▸ About this exercise: Output all of the data exactly, keeping any images out of the copy.

▸ Data shown:
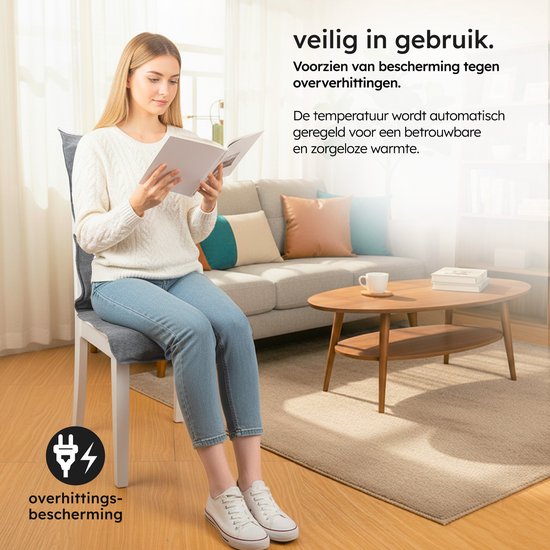 Warmtedeken - Infrarood - Draadloos - Stoelverwarmer - Warmtedeken Stoel - Warmte Deken - 3 standen - 40x110 cm - Original Grey - Saaf Comfort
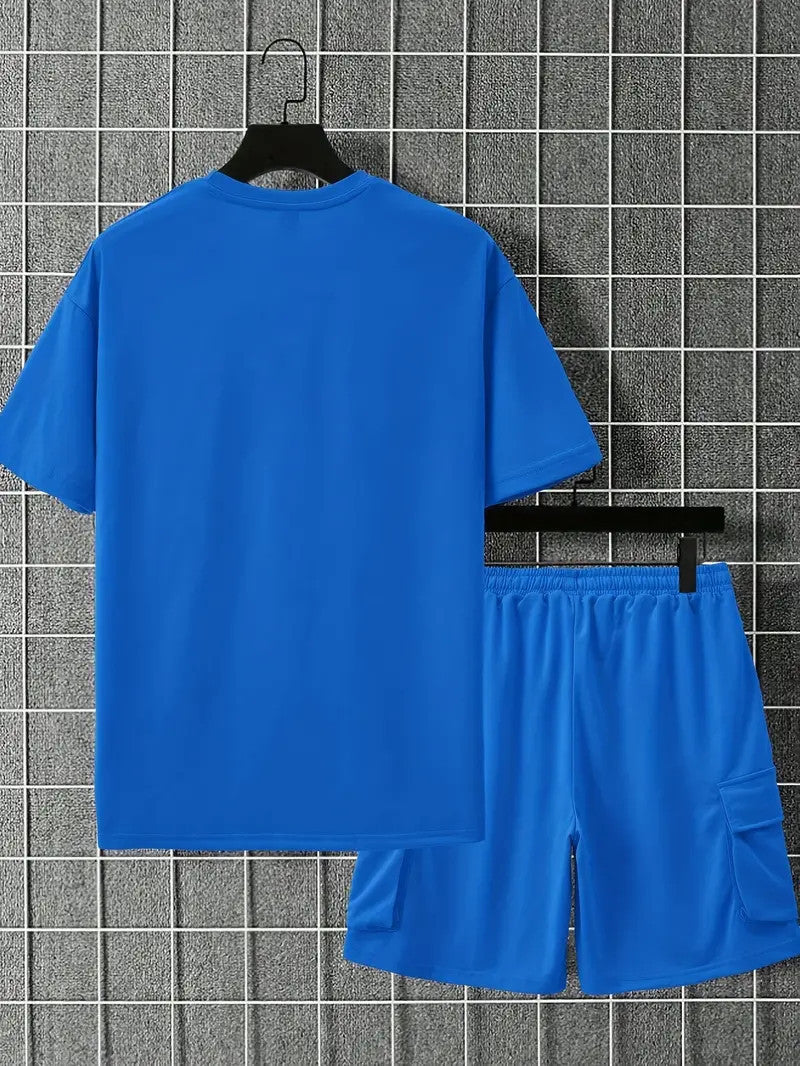 Short Sleeve T-Shirt & Drawstring Shorts 2-piece Set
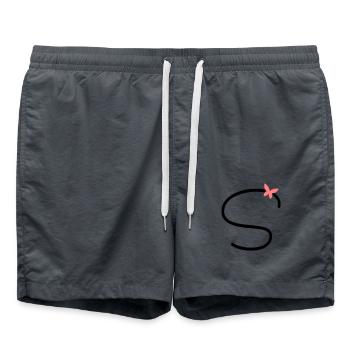 Letter S Butterfly Letter - Swim Trunks - anthracite - Front - AI Model Male 185 light (185cm)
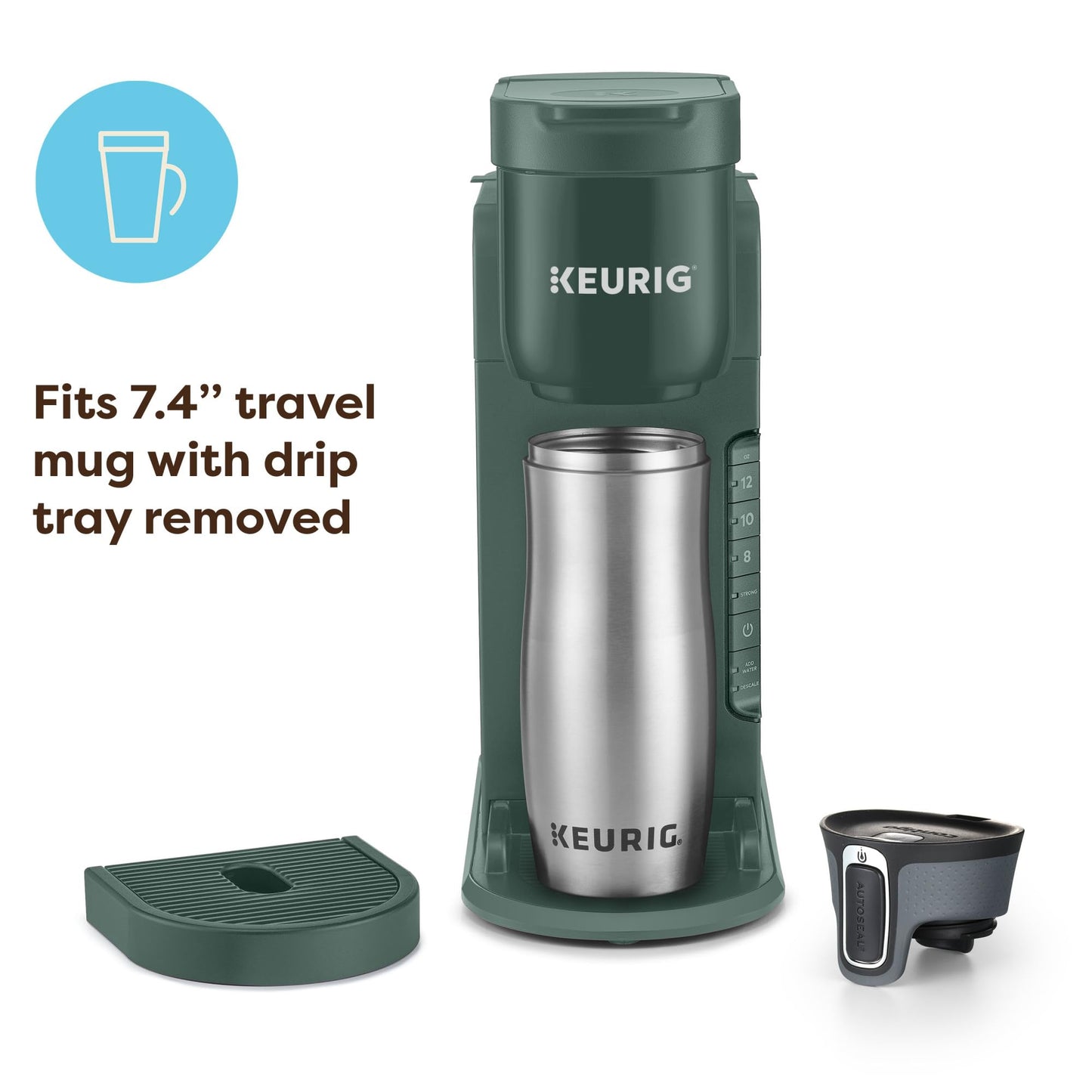 Keurig K-Express Single Serve K-Cup Pod Coffee Maker, 3 Brew Sizes, Strong Button Feature, 42oz Removable Reservoir, Island Berry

▸ Task output:
 Warmtedeken - Infrarood - Draadloos - Stoelverwarmer - Warmtedeken Stoel - Warmte Deken - 3 standen - 40x110 cm - Original Grey - Saaf Comfort
 Short Sleeve T-Shirt & Drawstring Shorts 2-piece Set
 Letter S Butterfly Letter - Swim Trunks - anthracite - Front - AI Model Male 185 light (185cm)
 Keurig K-Express Single Serve K-Cup Pod Coffee Maker, 3 Brew Sizes, Strong Button Feature, 42oz Removable Reservoir, Island Berry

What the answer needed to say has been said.